Paul Kelly (mathematician)

Paul Joseph Kelly (June 26, 1915 – July 15, 1995) was an American mathematician who worked in geometry and graph theory.[1][2]

Education and career

Kelly was born in Riverside, California. He earned bachelor's and master's degrees from the University of California, Los Angeles before moving to the University of Wisconsin–Madison for doctoral studies; he earned his Ph.D. in 1942 with a dissertation concerning geometric transformations under the supervision of Stanislaw Ulam.[1][2][3]

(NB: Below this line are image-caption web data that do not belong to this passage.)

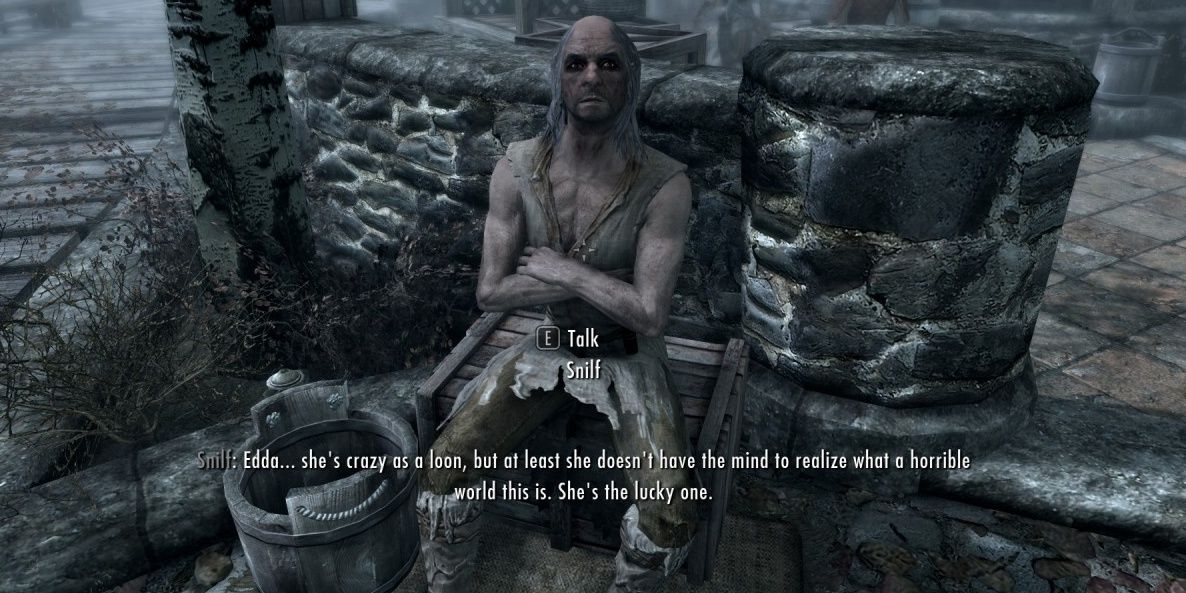 Snilf sitting on a box talking to the player about Edda in Skyrim
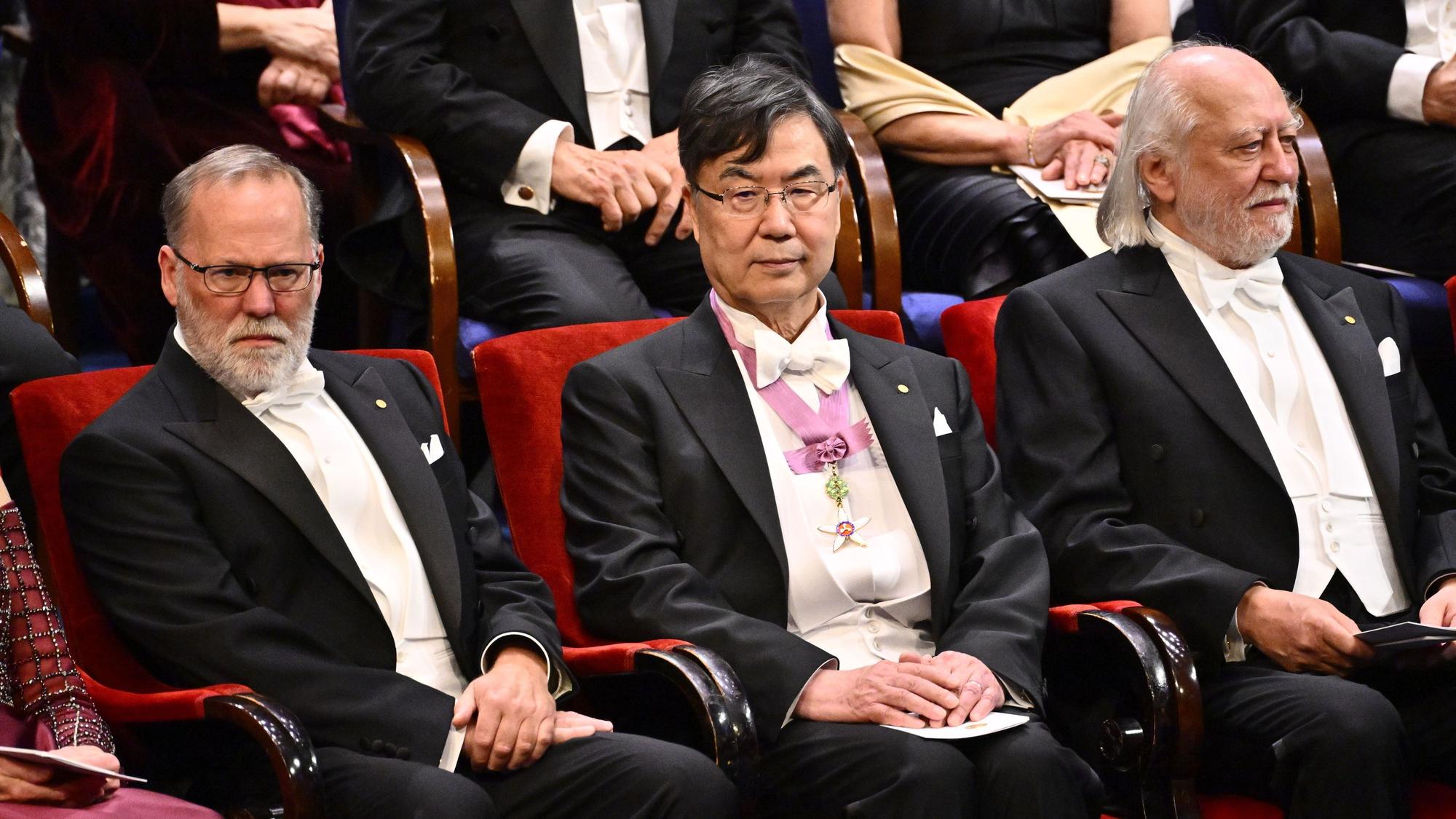 Die Nobelpreisträger für Physiologie oder Medizin Fred Ramsdell (l) und Shimon Sakaguchi sitzen 2025 neben dem Literaturnobelpreisträger László Krasznahorkai (r) während der Nobelpreisverleihung in der Stockholmer Konzerthalle (Archivbild)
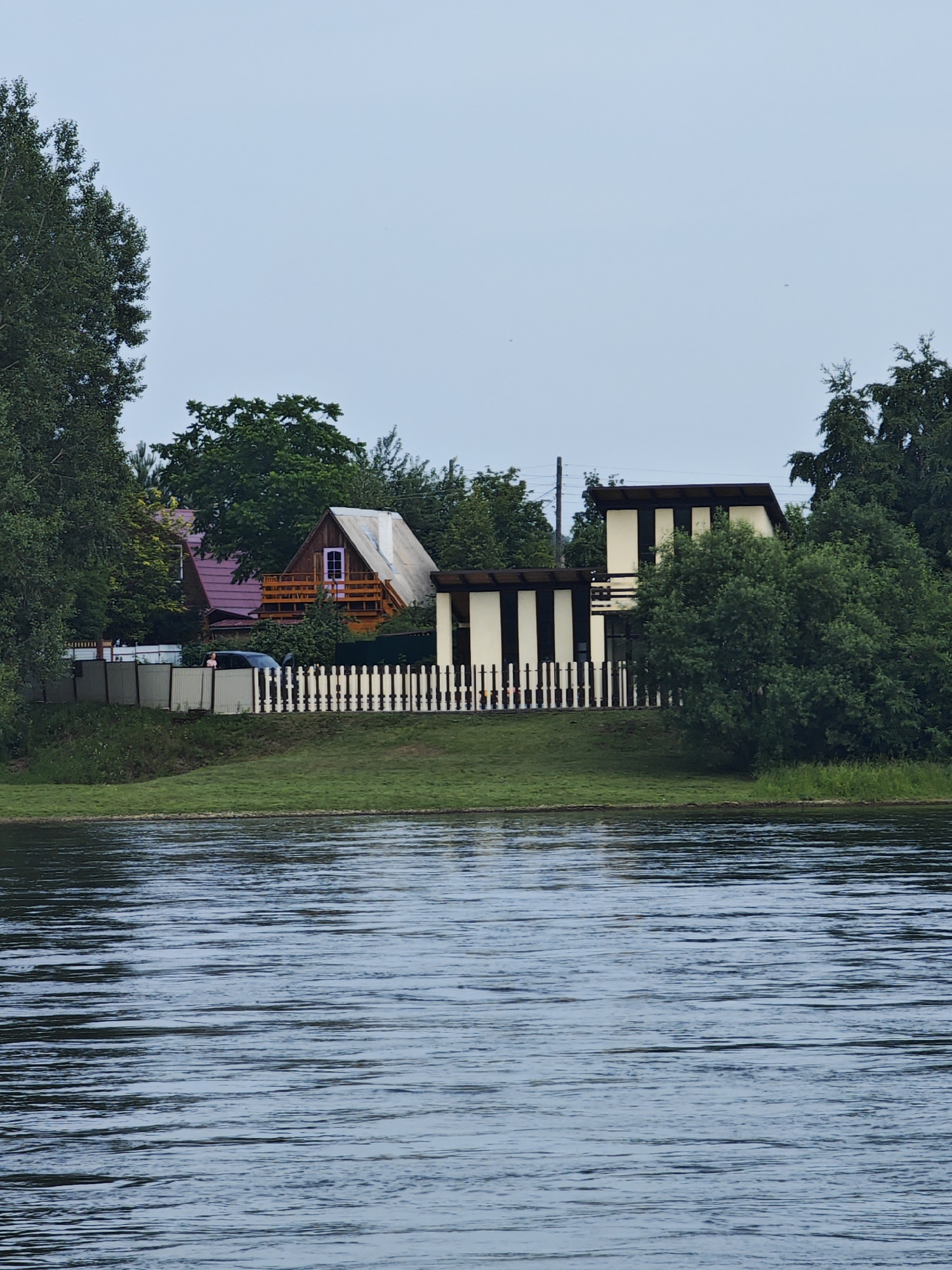 The image depicts a waterfront scene in the city of Sosnovoborsk, Russia. The foreground is dominated by a wide body of water, likely a river, with visible ripples and reflections. The middle ground features a grassy bank separating the water from a residential area. Several houses are visible, characterized by their varied architectural styles. To the left, a house with a red roof and light-colored siding is partially obscured by trees. Adjacent to it is a house with a steep, light-colored roof and a wooden balcony, featuring a small purple window. A white picket fence runs along the property line. A dark-colored car is parked near this house, with its driver's side door open. Further to the right, another modern-looking structure with alternating dark and light vertical panels is situated. This building also has a balcony and is surrounded by lush green trees. A light-colored fence encloses the properties. The background consists of a pale, overcast sky. The overall impression is a tranquil, suburban riverside setting.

He spent the rest of the war years serving in the United States Air Force as a First Lieutenant, before returning to academia with a teaching appointment at the University of Southern California in 1946. He moved to the University of California, Santa Barbara in 1949, and was chair there from 1957 to 1962.[1][2] At UCSB, his students included Brian Alspach (through whom he has nearly 30 academic descendants) and Phyllis Chinn.[3] He retired in 1982.[1][2]

Contributions

Kelly is known for posing the reconstruction conjecture with his advisor Ulam, which states that every graph is uniquely determined by the ensemble of subgraphs formed by deleting one vertex in each possible way.[4] He also proved a special case of this conjecture, for trees.[5]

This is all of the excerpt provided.